One of the important background dimensions to comparative baseball statistics is known as “park adjustments,” a set of corrective factors applied to account for the physical differences (e.g., outfield wall depth) between each park. Among American sports today, only Major League Baseball and NASCAR (and golf, I suppose) permit such structural variation between the competitive arenas themselves.
Professional hockey used to be in that group too. More than merely adjusting, adding, and subtracting lines on the ice to affect the flow of play, as the NHL continues to do (cf. the NBA three-point line), the rinks themselves used to be different sizes. League rules mandate a uniform rink size, but so-called “small rinks” persisted in the NHL as late as the 1980s and 1990s in Boston, Chicago, and Buffalo.
While hockey does not face the structural differences present in baseball, there still is a need to apply rink-by-rink statistical adjustments. That’s because the compiling of basic hockey statistics (e.g., shots, hits, turnovers) requires statisticians to make judgment calls to a more significant degree than in a discrete-event sport like baseball.
By way of limited background, the NHL collects basic gameplay statistics through a computer system known as the Real Time Scoring System (RTSS). A benefit of RTSS is that it aggregates and organizes data for analysis by teams, players, and fans. A vulnerability of RTSS is the subjectivity alluded to above that comes when human scorers track a fluid, dynamic sport like hockey.
While others have noted certain biases among the RTSS scorers at different rinks, a paper by Michael Schuckers and Brian Macdonald published earlier this month analyzes those discrepancies across a spread of core statistics and proposes a “Rink Effects” model that aims to do for subjective rink-to-rink differences in hockey scoring what park adjustments do for structural differences between baseball parks.
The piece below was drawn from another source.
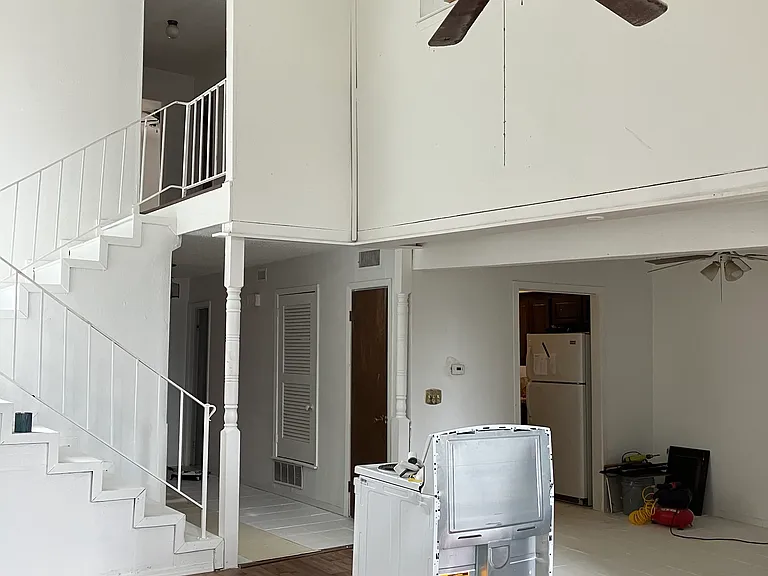 2700 Patterson Dr #4 — Photo 2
Schuckers and Macdonald first examined rink effects for six statistics– shots, blocked shots, misses, giveaways, takeaways, and hits– over the past six completed seasons and made two types of findings: 1) deviations from the league-wide average and 2) bias in favor of or against the home team. My perception of their findings was that, in general, there were not many extreme deviations from the league averages and home/away bias was muted.
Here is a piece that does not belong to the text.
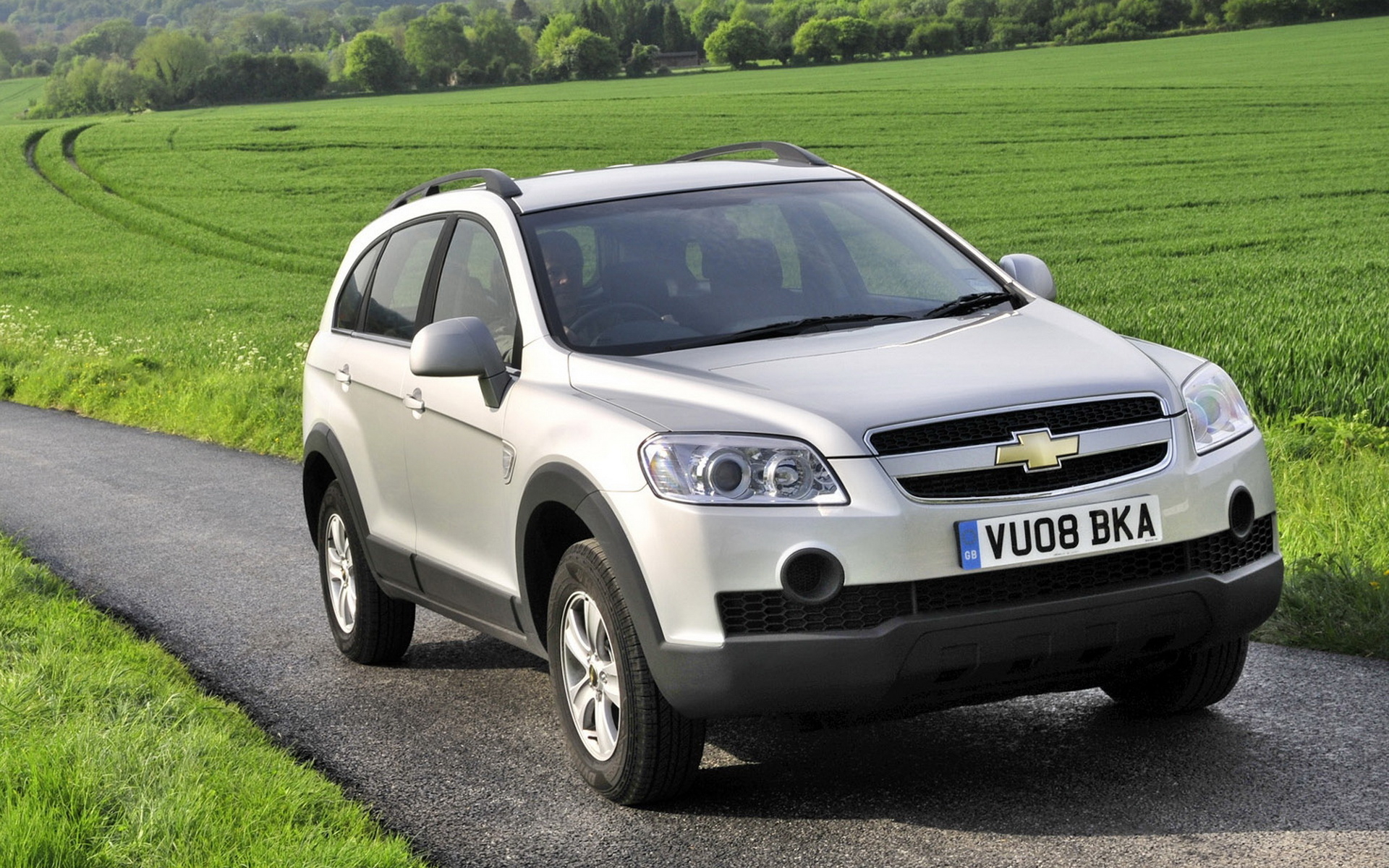 Chevrolet Captiva wallpaper and image, picture, photo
Organized by statistic, the following rinks are the most extreme outliers Schuckers and Macdonald found:
- Shots:
- Florida (1.030) and Saint Louis (.955)
- (No home/away bias found)
- Blocks:
- Montreal (1.271) and New Jersey (.541)
- (No home/away bias found)
- Misses:
- Toronto (1.250) and Chicago (.562)
- Rangers (Home 1.125) and Colorado (Home .977)
- Giveaways:
- (Much variation, but no trend across seasons; home ice effect noted)
- Takeaways:
- Islanders (1.943) and Pittsburgh (.214)
- (No home/away bias found, but like giveaways, overall home ice effect noted)
- Hits:
- Los Angeles (1.298) and New Jersey (.592)
- New Jersey (Home 1.196)
In summarizing their findings, the authors note that there’s something funny going on in New Jersey, where, they write, “events are recorded at a rate that is much lower compared to the rest of the league.” If you want to read all the gory mathematical details and find out how your favorite team’s rink fits in, read Schuckers and Macdonald’s full paper here.
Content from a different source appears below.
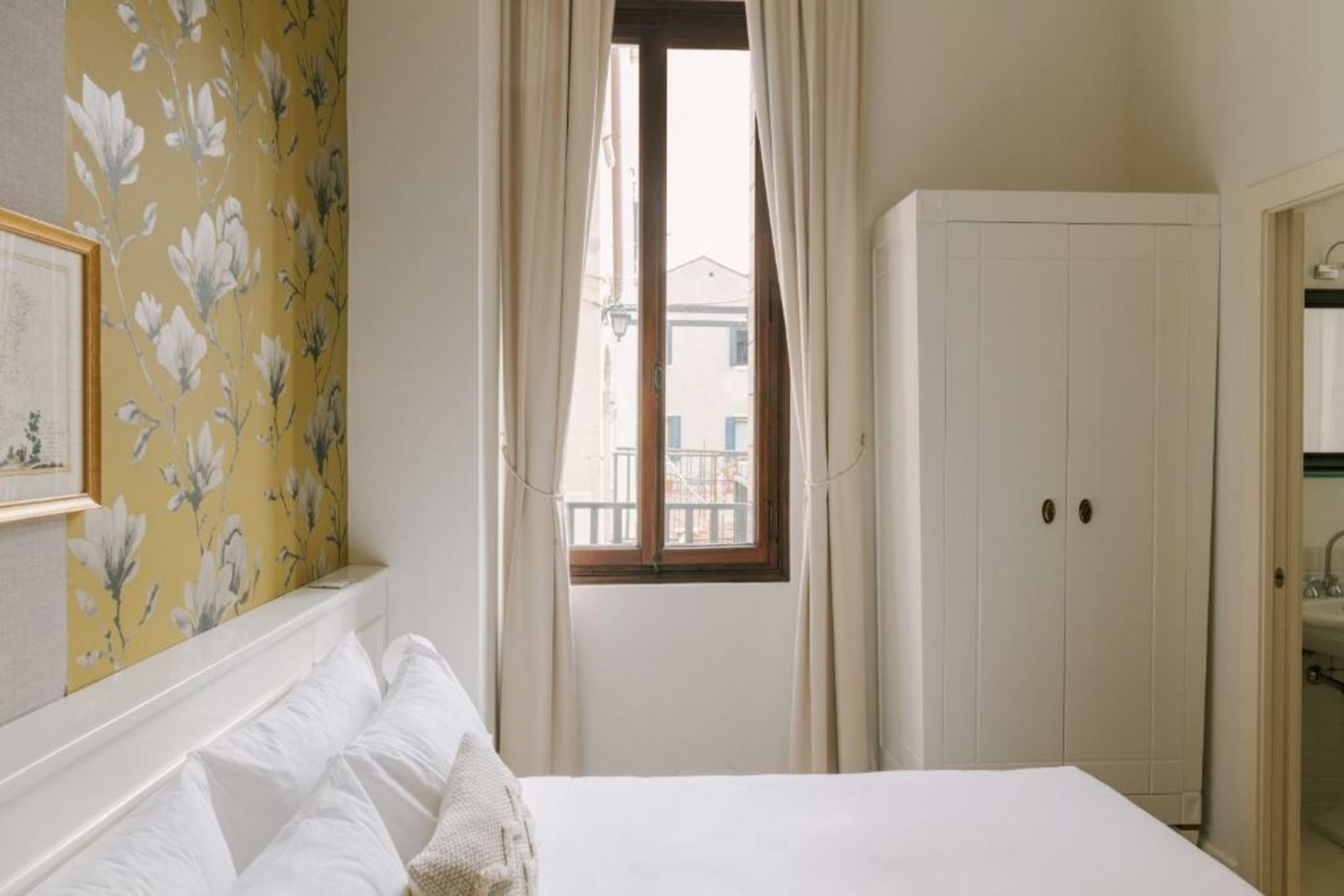 Sonder Salute Palace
The goal in applying rink effects to a hockey player’s statistics is the same as applying park adjustments to a baseball player’s numbers: determining the player’s “true” ability by filtering out rink-to-rink variations that are out of the player’s control. Unlike the constant, structural differences that drive baseball park adjustments, however, hockey rink effects are a creature of human subjectivity and theoretically are subject to conscious fluctuation over time. (For example, the RTSS folks in New Jersey could read this paper and make an internal decision to change their approach.) This behavioral reality isn’t a knock against rink effects, though. In fact, it’s a testament to the work of Schuckers and Macdonald that they were able to corral this human behavior into discernible and useful patterns. The larger point is that, if changes– whether through human coordination or technological automation– in statistics recordation lead to greater homogenization in rink-to-rink statistical tabulation, the consequentially reduced need to apply rink effects would be a positive indicator. Rink effects and park adjustments are patches over sports statistics inefficiencies. Reducing our reliance on them means we are receiving improved raw statistical feedback that allows us to better determine players’ true talent.